Task objective: Repeat only what runs from the line with "this 1242×838 image." through the last line of the data below, both included, keeping every word as it is and leaving out the pictures.

(Annotated photo localization data)
***
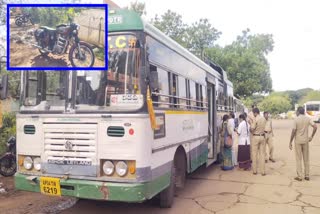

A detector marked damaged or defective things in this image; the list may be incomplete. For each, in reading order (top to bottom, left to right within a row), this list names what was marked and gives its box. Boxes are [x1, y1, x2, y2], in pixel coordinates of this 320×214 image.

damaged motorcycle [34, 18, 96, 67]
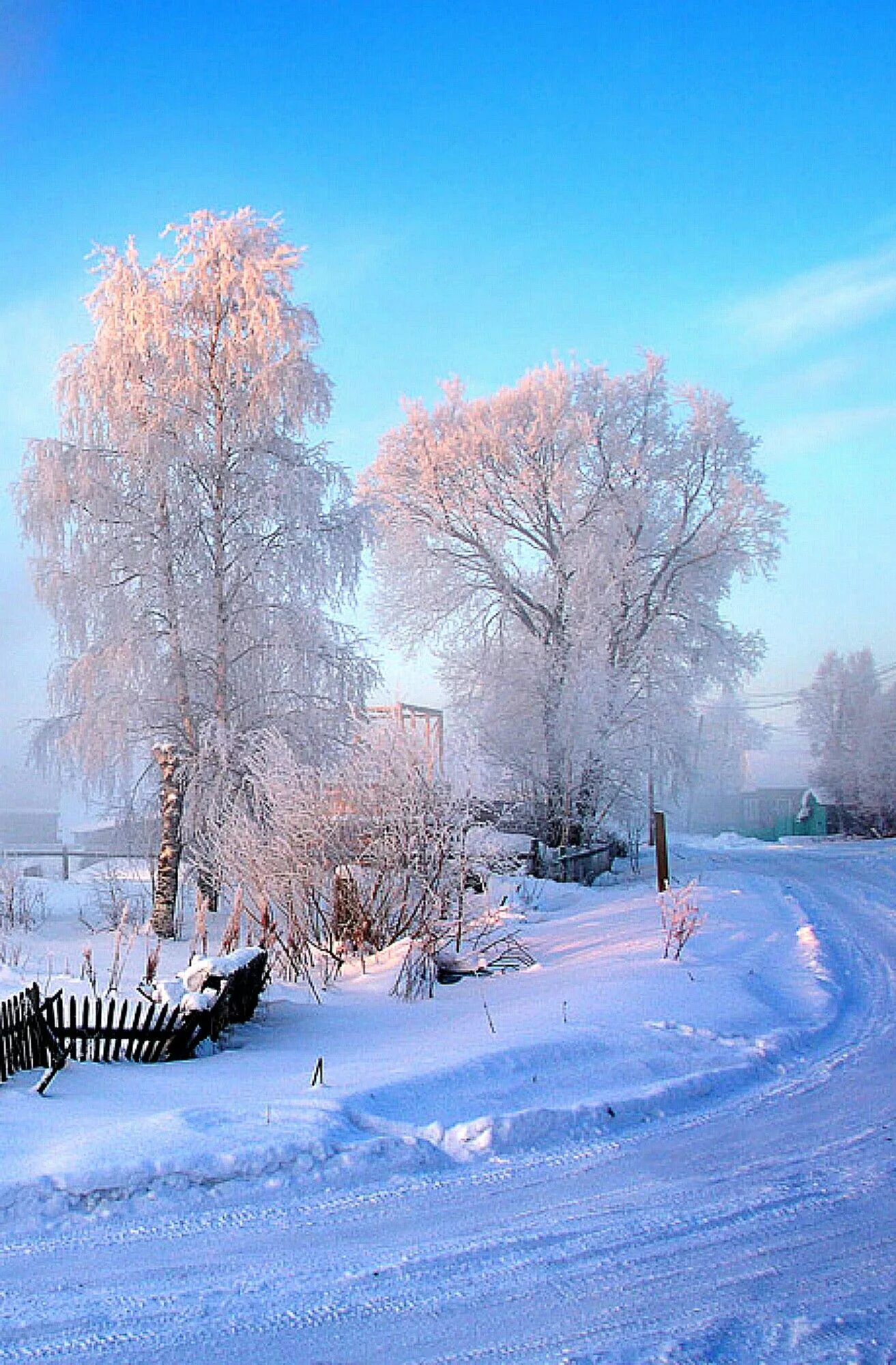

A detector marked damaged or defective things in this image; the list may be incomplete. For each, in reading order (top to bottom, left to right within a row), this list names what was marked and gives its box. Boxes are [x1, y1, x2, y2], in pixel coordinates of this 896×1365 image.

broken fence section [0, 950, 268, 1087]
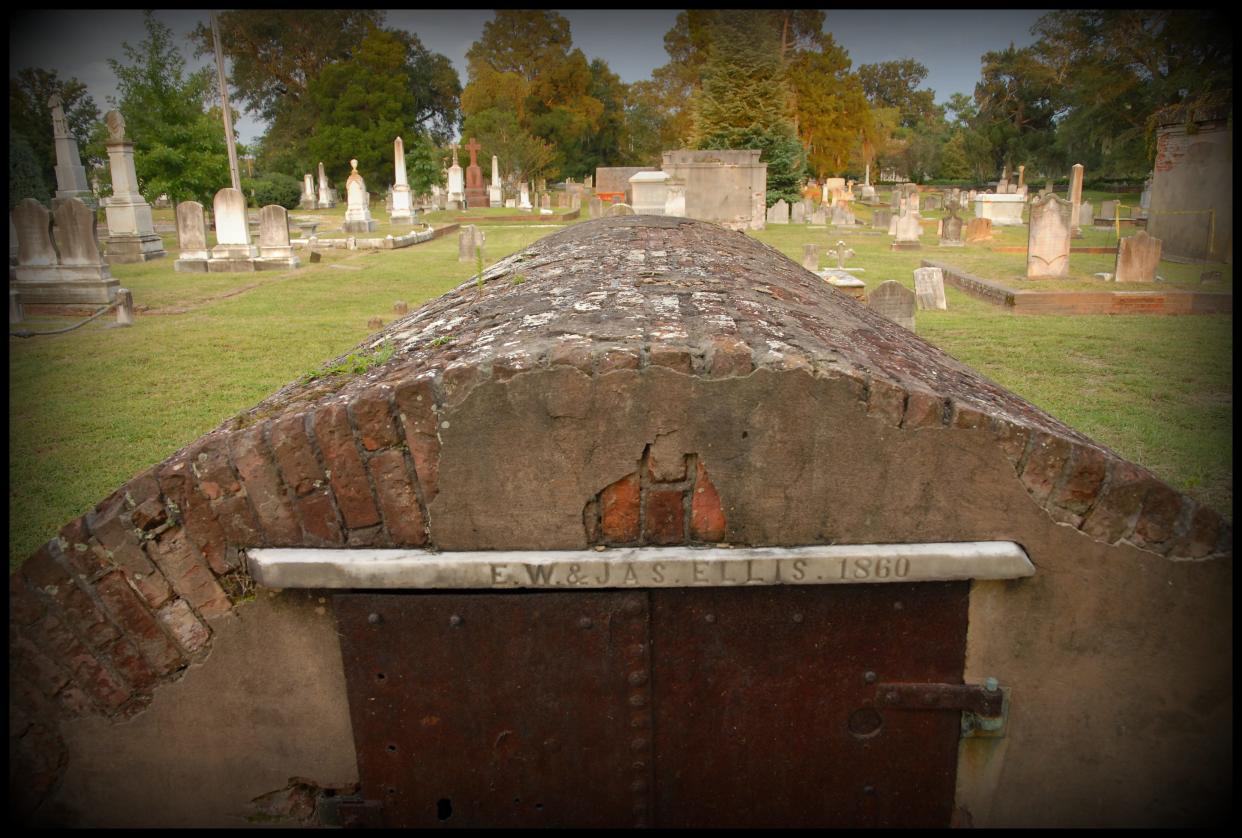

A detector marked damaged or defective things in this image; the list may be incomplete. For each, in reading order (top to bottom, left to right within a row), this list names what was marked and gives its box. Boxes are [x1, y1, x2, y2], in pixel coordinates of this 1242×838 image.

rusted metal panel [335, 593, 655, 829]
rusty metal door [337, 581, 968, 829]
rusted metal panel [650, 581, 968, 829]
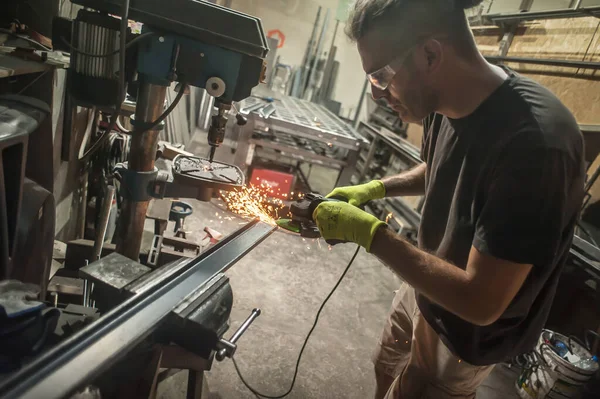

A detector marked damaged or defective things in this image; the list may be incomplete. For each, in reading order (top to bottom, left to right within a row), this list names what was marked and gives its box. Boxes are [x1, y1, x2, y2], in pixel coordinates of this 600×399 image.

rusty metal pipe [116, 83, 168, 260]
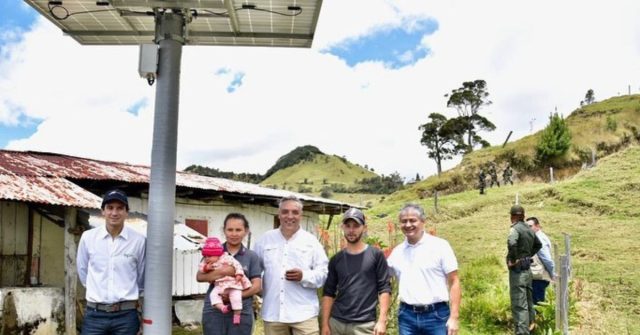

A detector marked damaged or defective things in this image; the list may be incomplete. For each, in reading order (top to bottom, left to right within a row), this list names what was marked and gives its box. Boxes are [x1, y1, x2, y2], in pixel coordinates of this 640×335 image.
***
Expected answer:
A detector marked damaged or defective things in this image; the list may be incomplete. For each, in reading order (top to bottom, left to right within a row), this list names what was marked and gives its box. Boxes are [x1, y1, x2, y2], in pixel coordinates of this 1242×838 image.

rusted metal panel [335, 593, 655, 829]
rusty metal door [337, 581, 968, 829]
rusted metal panel [650, 581, 968, 829]

A detector marked damaged or defective things in this image; the list may be incomplete. For each, in reading order (top to bottom, left to right within a row), this list names what was marked and gives its box. Boxes are [x1, y1, x2, y2], in pixel coordinates of this 600×399 image.

rusty metal pipe [116, 83, 168, 260]

A detector marked damaged or defective things in this image; the list may be incomplete. For each, in reading order (top to bottom, left to right within a row), this list names what was marked and gives its box. Boxes are [x1, y1, x2, y2], in pixel coordinates of this 640×335 image.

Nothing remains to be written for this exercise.